» **Action item**: Lines from the one containing "NAVY ORANGE" to the end of the records, both ends included and exactly as written, are the whole answer, and no pictures go in it.

» **Collected data entries**:
# # # # #
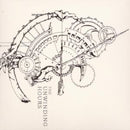 Unwinding Hours - Unwinding hours (CD)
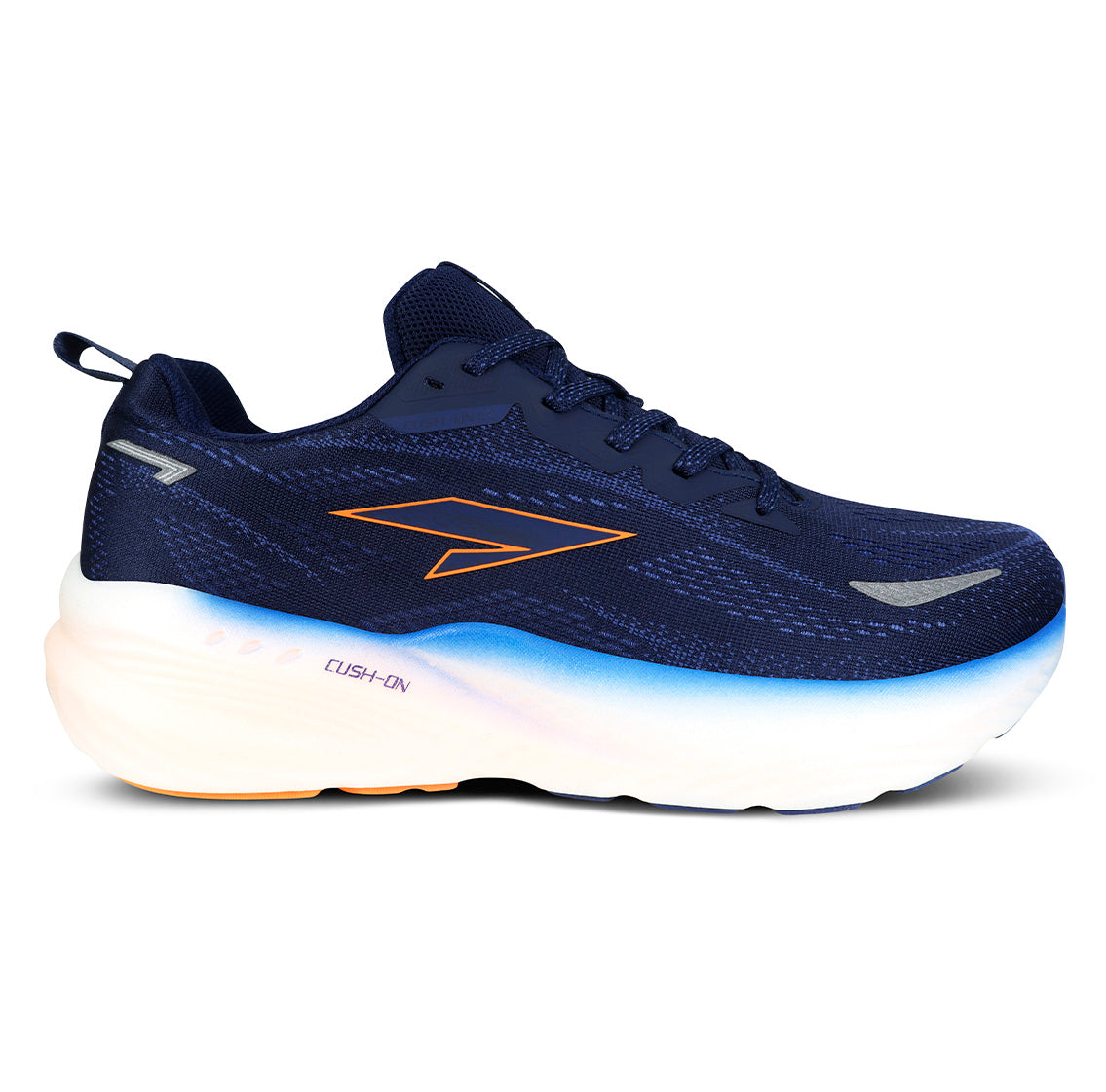 NAVY ORANGE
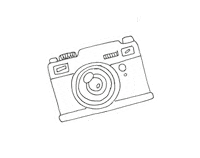littlemissun travel photography photo camera Sticker
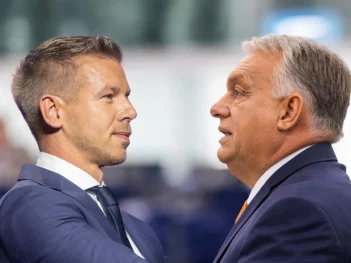 Orban Magyar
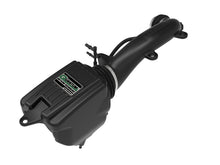 Load image into Gallery viewer, aFe Quantum Pro DRY S Cold Air Intake System 18-20 Jeep Wrangler JL L4-2.0L (t) - 53-10019D
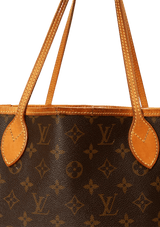 MONOGRAM NEVERFULL MM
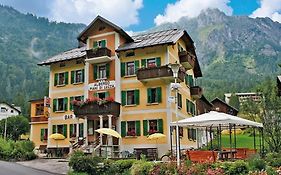 Albergo Piani Di Luzza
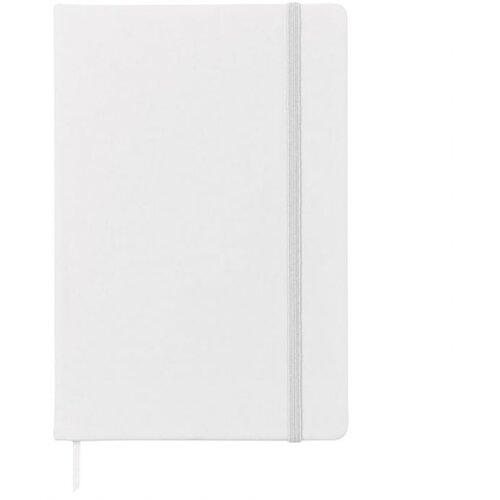  NOTES A5 CRTE 96L S GUMICOM FORNAX BIJELI Cene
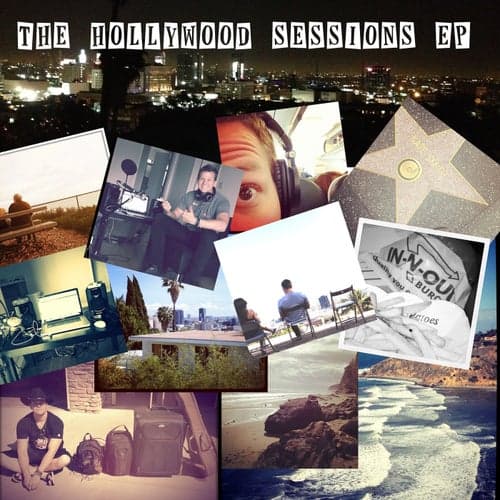The Hollywood Sessions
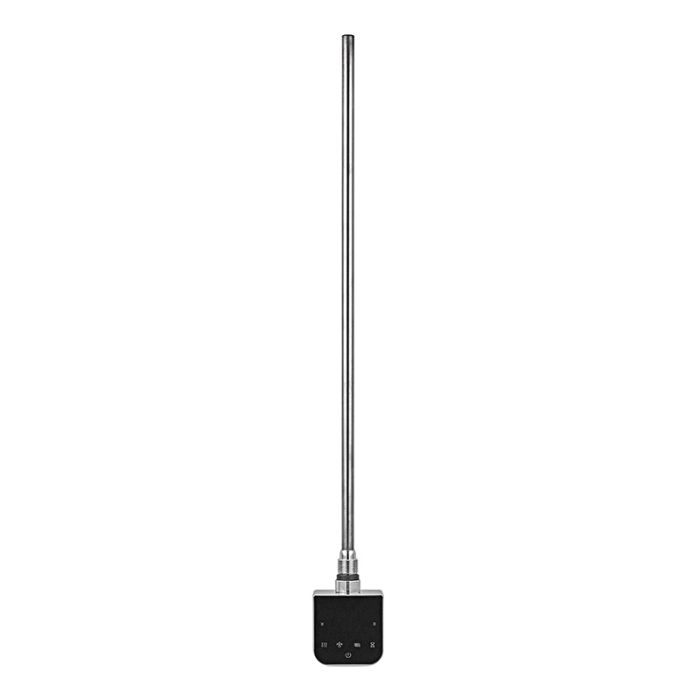 ТЕН електричний Mixxus TEH-0206 CHROME для сушарок рушників 600W (колір хром) (MI6635)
# # # # #
» **Answer section**:
 NAVY ORANGE
littlemissun travel photography photo camera Sticker
 Orban Magyar
 Load image into Gallery viewer, aFe Quantum Pro DRY S Cold Air Intake System 18-20 Jeep Wrangler JL L4-2.0L (t) - 53-10019D
 MONOGRAM NEVERFULL MM
 Albergo Piani Di Luzza
  NOTES A5 CRTE 96L S GUMICOM FORNAX BIJELI Cene
The Hollywood Sessions
 ТЕН електричний Mixxus TEH-0206 CHROME для сушарок рушників 600W (колір хром) (MI6635)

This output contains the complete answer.